Before GILBERT, RUDKIN, and DIETRICH, Circuit Judges.

Opinion:
DIETRICH, Circuit Judge.
The appellant, an alien, was ordered to he deported, upon a finding that she was engaged in prostitution; and this proceeding was brought to test the validity of the order. By reference her petition incorporated the record made in the department and the issue was disposed of in the court below by a ruling sustaining the Commissioner's demurrer. From the department record it appears, upon tlie testimony of two officers, that, having information petitioner was engaged in prostitution in Sacramento, they went to what was ostensibly a rooming house of which, admittedly, she was the proprietress. After some general conversation, she offered herself to them in such a way that, if their testimony is to be credited, there is left no room for doubt that she was engaged in prostitution of the most wanton character. They thereupon disclosed their official position and subjected her to an inquiry, in the course of which she stated that she had been practicing prostitution at that place for six months.

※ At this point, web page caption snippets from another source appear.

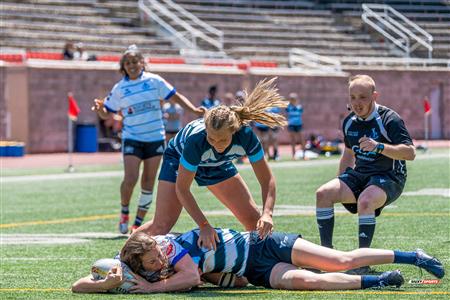 Éq.Fém.Sr.XV - Compétition Interprovinciale - Québec Est (23) vs (14) Ontario Est
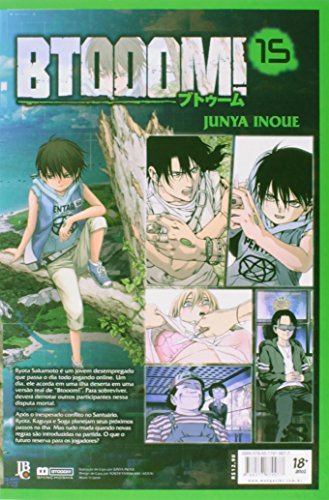 Btooom! - Vol. 15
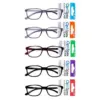 OptiSpex Reading Glasses Assorted Strength 3 Colour Options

Upon the subsequent hearing, when she was represented by counsel, she denied that she had intended to make any such statement, giving as an explanation that her hearing was seriously impaired and that she must have misunderstood the questions put to her. While under the circumstances the testimony touching her admission is not highly convineing, after all, upon established principles, its probative value, as that of any other conflicting testimony, was for the department, and the courts are not at liberty to disturb its findings. But, entirely aside from the alleged admission, her conduct, as related by the two officers, is ample to justify the order of deportation. True, a single act of illicit sexual intercourse does not necessarily constitute prostitution, hut the solicitation to such an act may be made in such manner and under such circumstances as to constitute the most convincing evidence of an habitual practice.
Judgment affirmed.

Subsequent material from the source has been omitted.